**Problem statement:** With the pictures left out, reproduce exactly the lines running from the line with "Hamoki GN1200TN Double" to the last line of the material below.

**Supplied material:**
______________________________

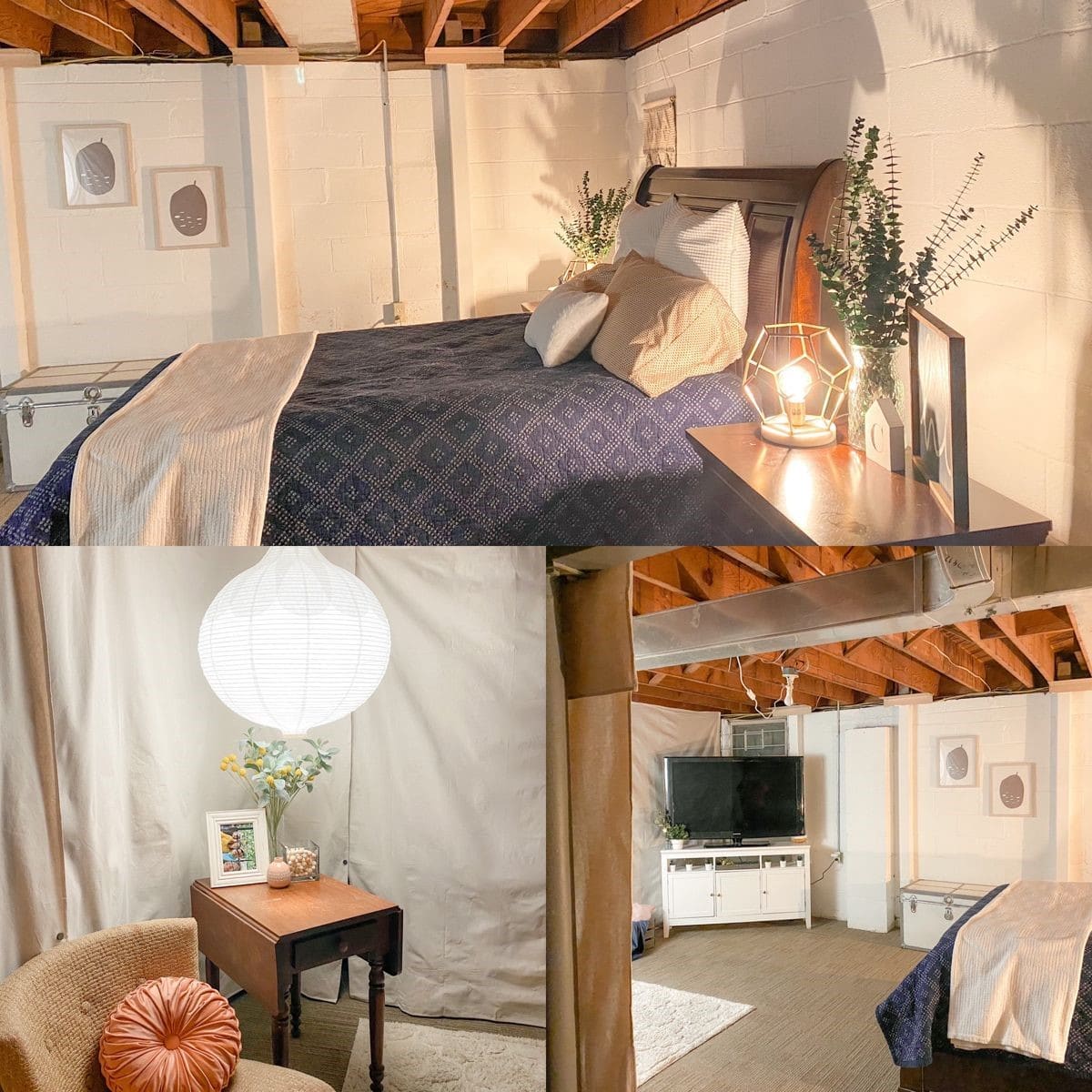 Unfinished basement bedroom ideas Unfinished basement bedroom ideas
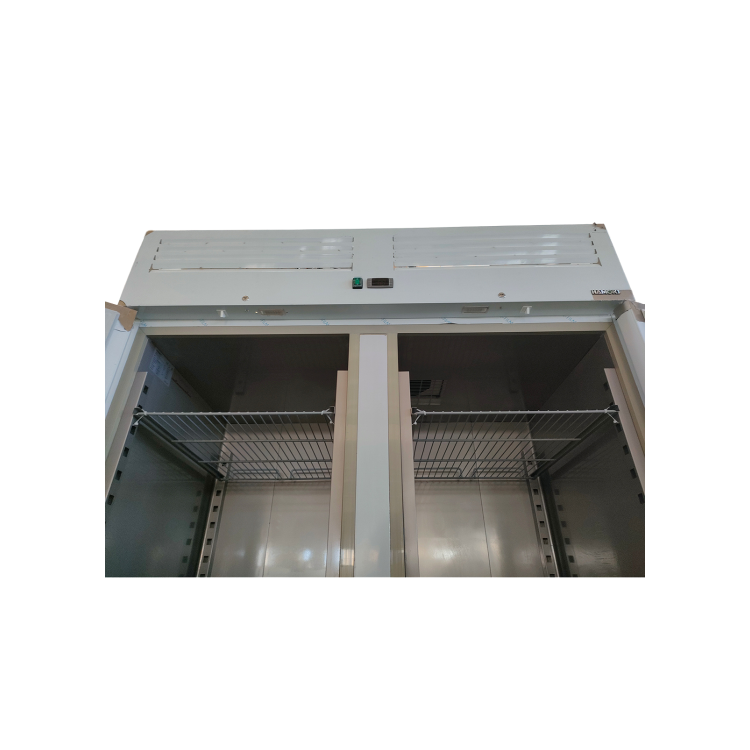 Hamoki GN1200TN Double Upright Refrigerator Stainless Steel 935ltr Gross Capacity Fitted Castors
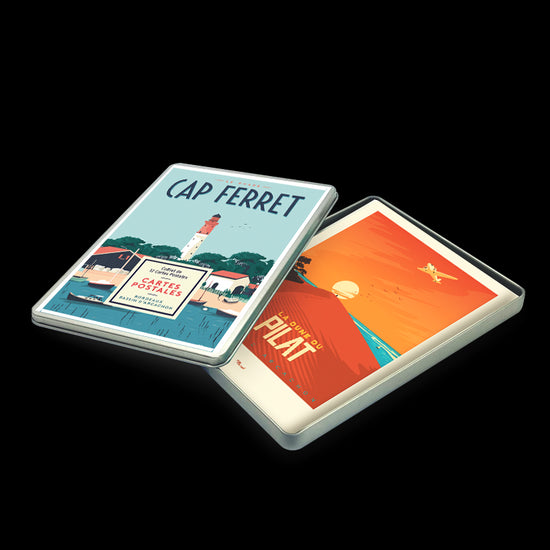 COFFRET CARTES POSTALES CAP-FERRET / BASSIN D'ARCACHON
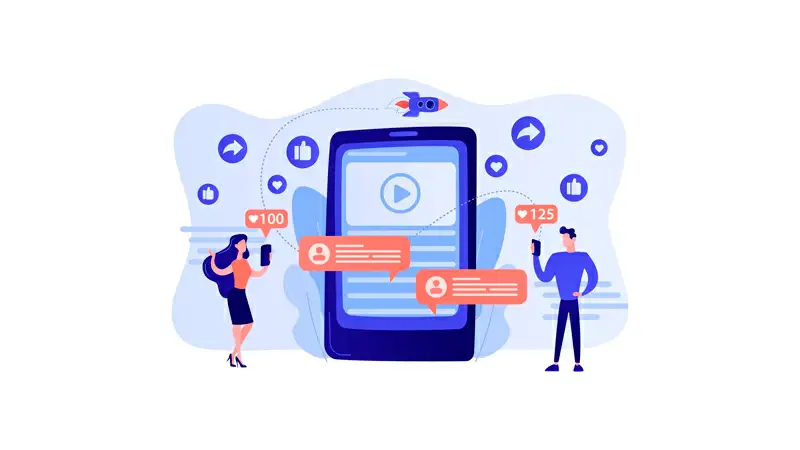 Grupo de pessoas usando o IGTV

______________________________

**Solution to the problem:**
 Hamoki GN1200TN Double Upright Refrigerator Stainless Steel 935ltr Gross Capacity Fitted Castors
 COFFRET CARTES POSTALES CAP-FERRET / BASSIN D'ARCACHON
 Grupo de pessoas usando o IGTV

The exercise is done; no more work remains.